** INFORMATION SHOWN follows **

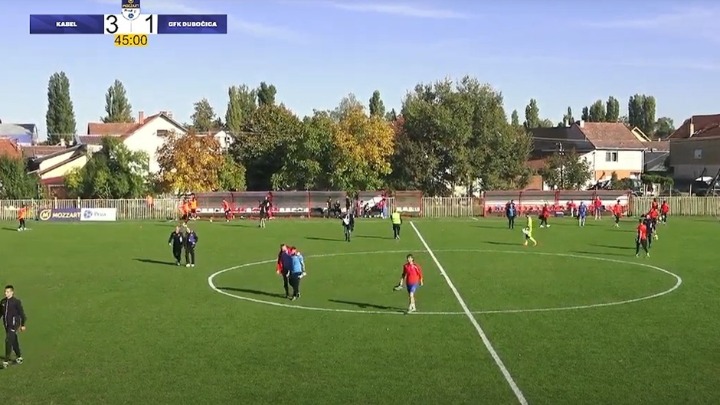 Tužna scena u srpskom fudbalu: Meč počeo, igrači ispucali loptu i samo seli na teren (FOTO, VIDEO)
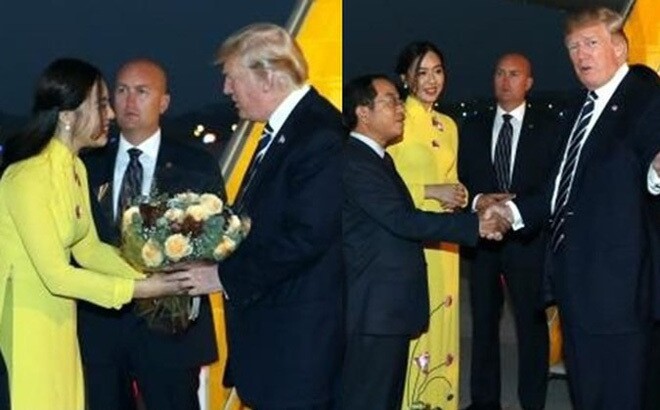 Cô gái có nhan sắc đẹp như cái tên, là 1 trong 5 nữ sinh Việt từng đón tiếp các nguyên thủ quốc gia - 8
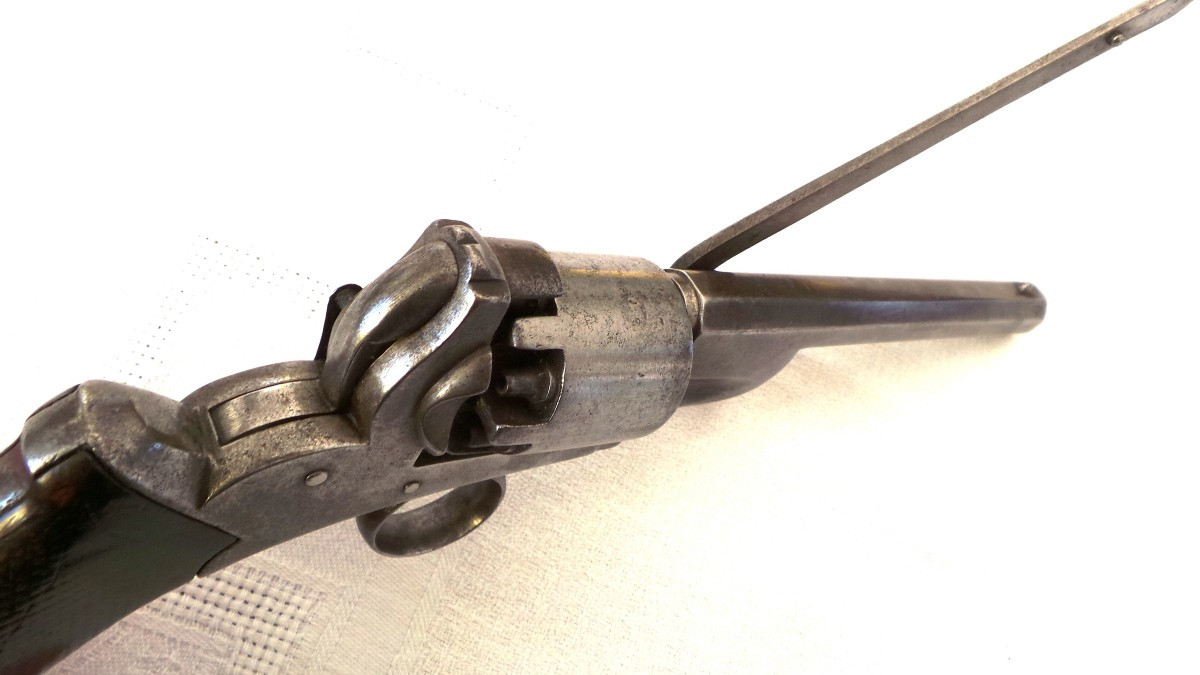 REVOLVER  DAVID HERMAND - TYPE ADAMS - XIX°-photo-1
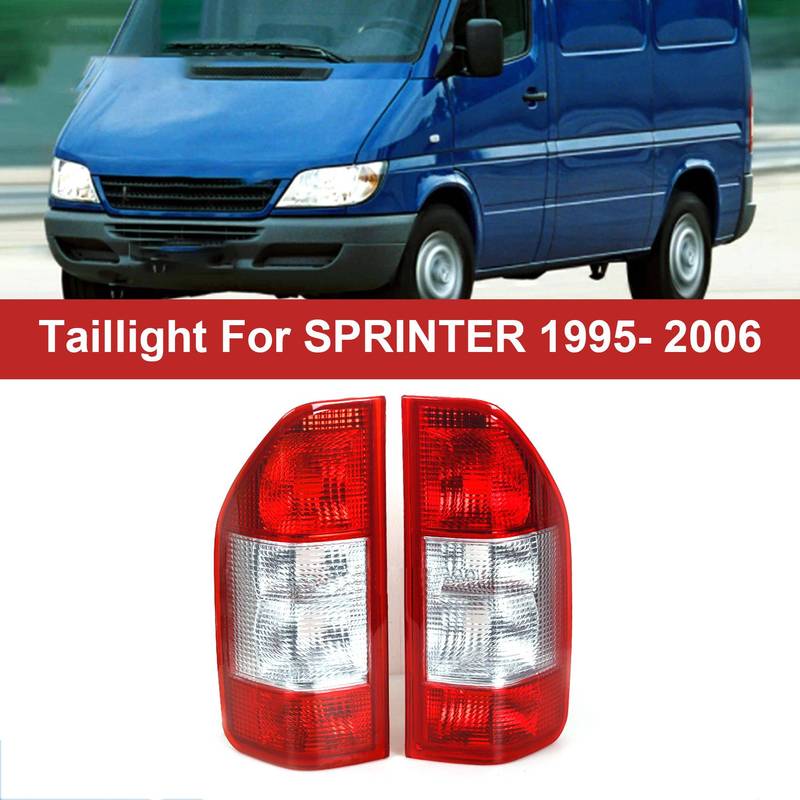 Powerful Truck Taillight Without Bulb Rear Brake Stop Lamp Taillight For SPRINTER 1995- 2006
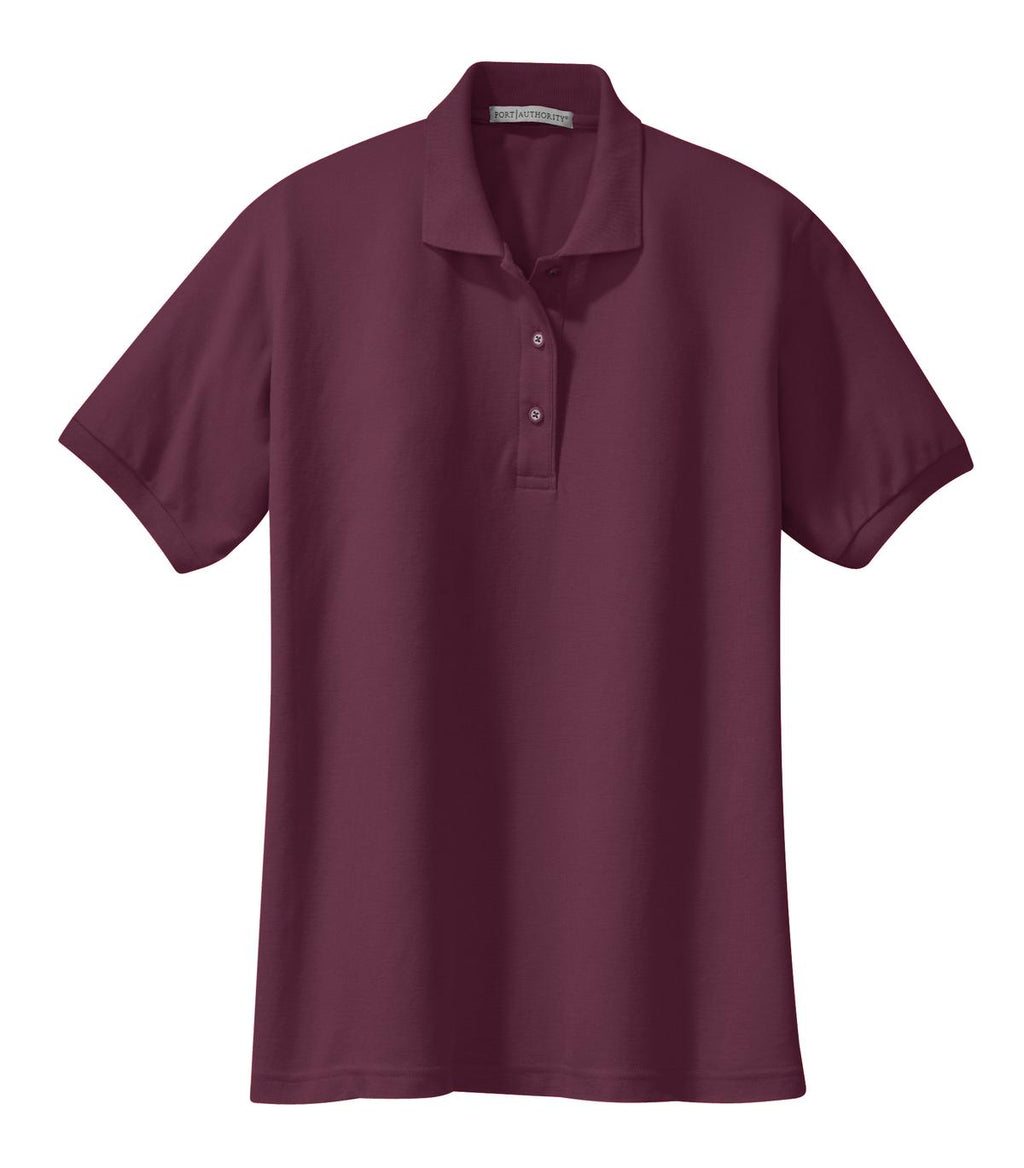 Port Authority L500 Port Authority Women's Silk Touch Polo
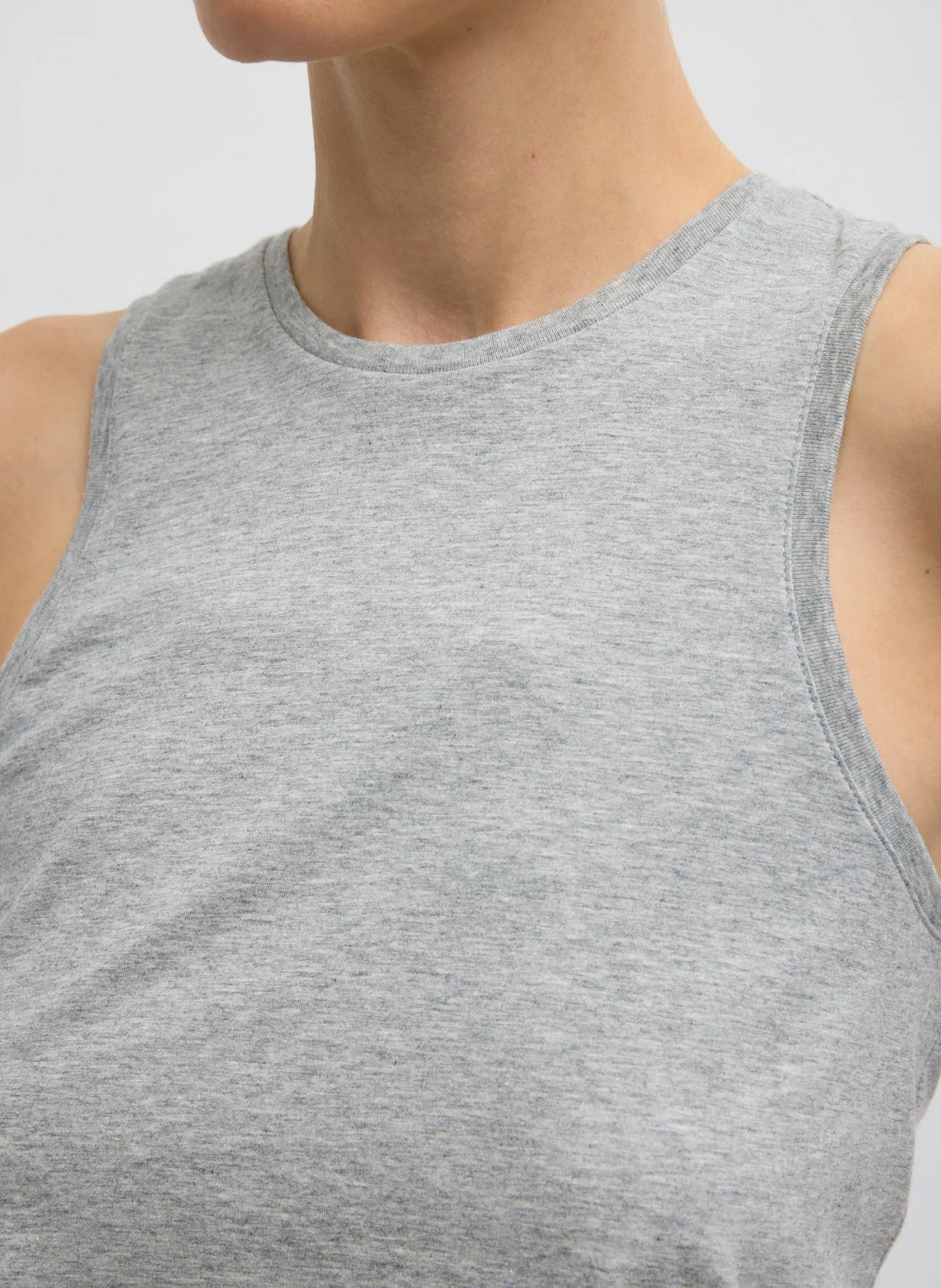Shirred Back Tank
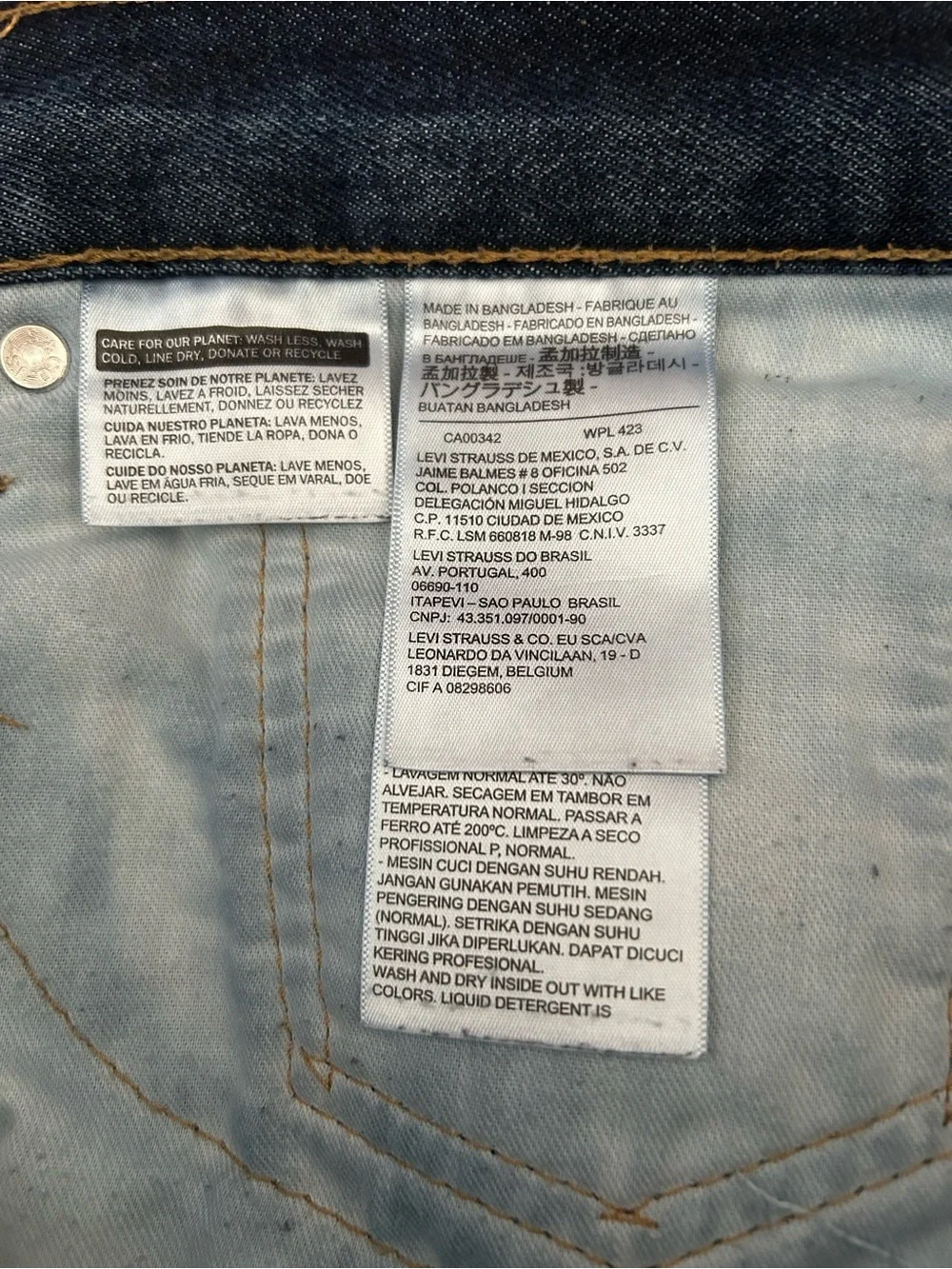 Jeans Levi Strauss men size 40 x 30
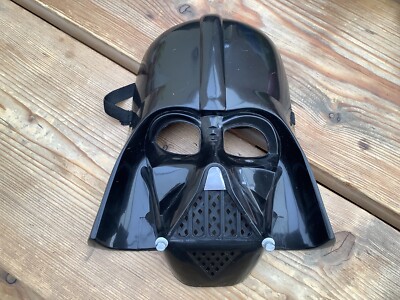 Star Wars Sith Lord Darth Vader Kunststoff Maske Cosplay Verkleidekopf ANH ESB ROTJ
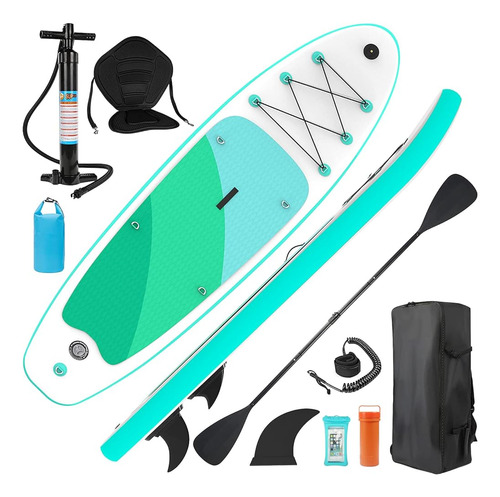 ~? Surfroll Inflable Stand Up Paddle Board Para Adultos Padd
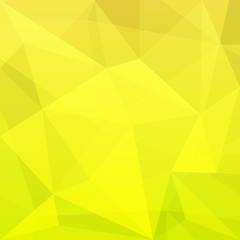 Abstract Background of Rhombus Green Yellow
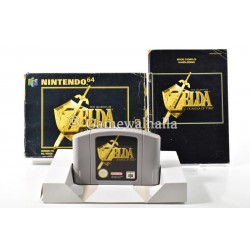 The Legend Of Zelda Ocarina Of Time (cib - 2) - Nintendo 64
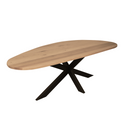 Tree trunk table Boston | 160 cm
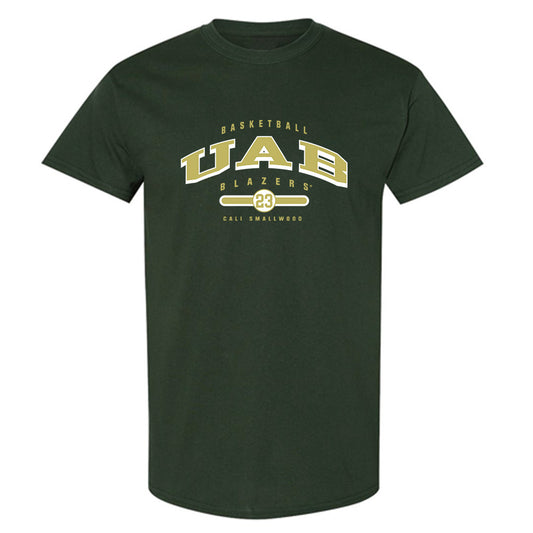 UAB - NCAA Women's Basketball : Cali Smallwood - Classic Fashion Shersey T-Shirt-0
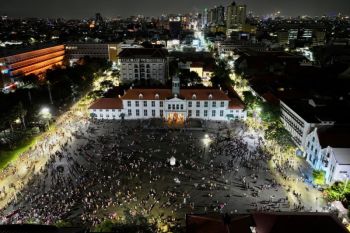 Wisatawan Kota Tua capai 11 ribu orang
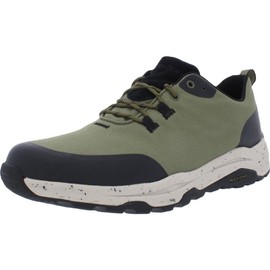 Rockport XCS Pathway Waterproof Sport Oxford Olive Ripstop Polyester 14 M (D)
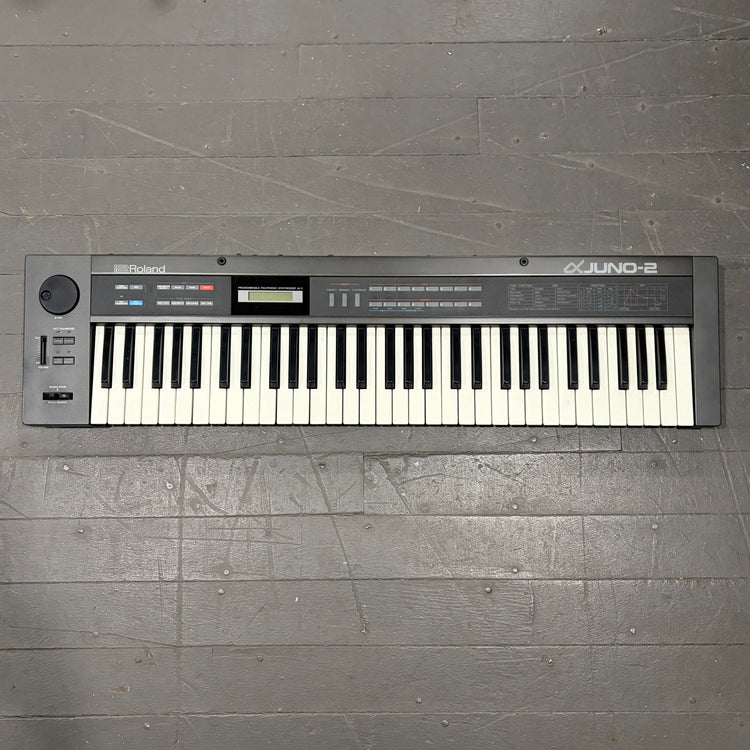 Roland Alpha Juno 2 with Roland Hardcase and Expansion Cartridge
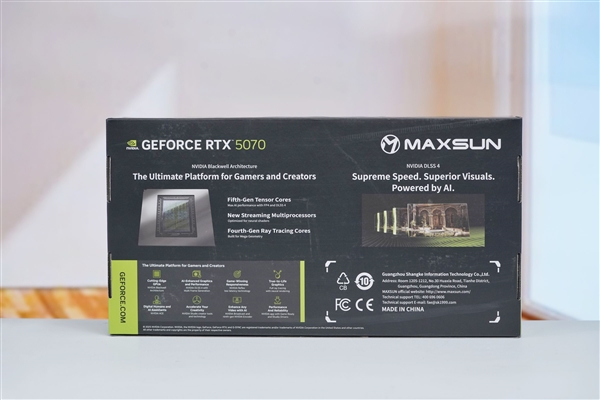 第四代电竞之心！铭瑄RTX 5070 iCraft OC 12G图赏-图26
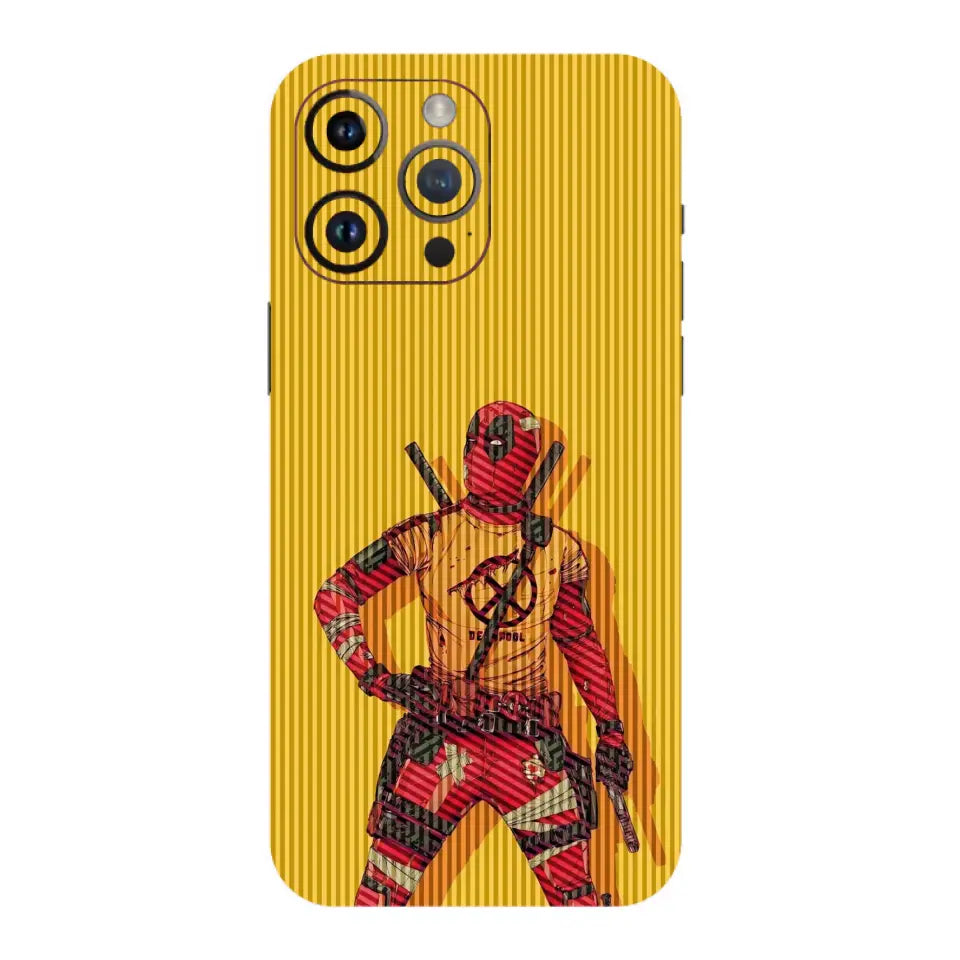Dead Pool Mobile Skins | Marvel Phone Skin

** End of INFORMATION SHOWN **

**WORK TASK**.
Output the records above as they stand, from the first line to the line with "Para Adultos Padd", inclusive, and exclude the pictures.

**OUTPUT**.
 Tužna scena u srpskom fudbalu: Meč počeo, igrači ispucali loptu i samo seli na teren (FOTO, VIDEO)
 Cô gái có nhan sắc đẹp như cái tên, là 1 trong 5 nữ sinh Việt từng đón tiếp các nguyên thủ quốc gia - 8
 REVOLVER  DAVID HERMAND - TYPE ADAMS - XIX°-photo-1
 Powerful Truck Taillight Without Bulb Rear Brake Stop Lamp Taillight For SPRINTER 1995- 2006
 Port Authority L500 Port Authority Women's Silk Touch Polo
Shirred Back Tank
 Jeans Levi Strauss men size 40 x 30
 Star Wars Sith Lord Darth Vader Kunststoff Maske Cosplay Verkleidekopf ANH ESB ROTJ
 ~? Surfroll Inflable Stand Up Paddle Board Para Adultos Padd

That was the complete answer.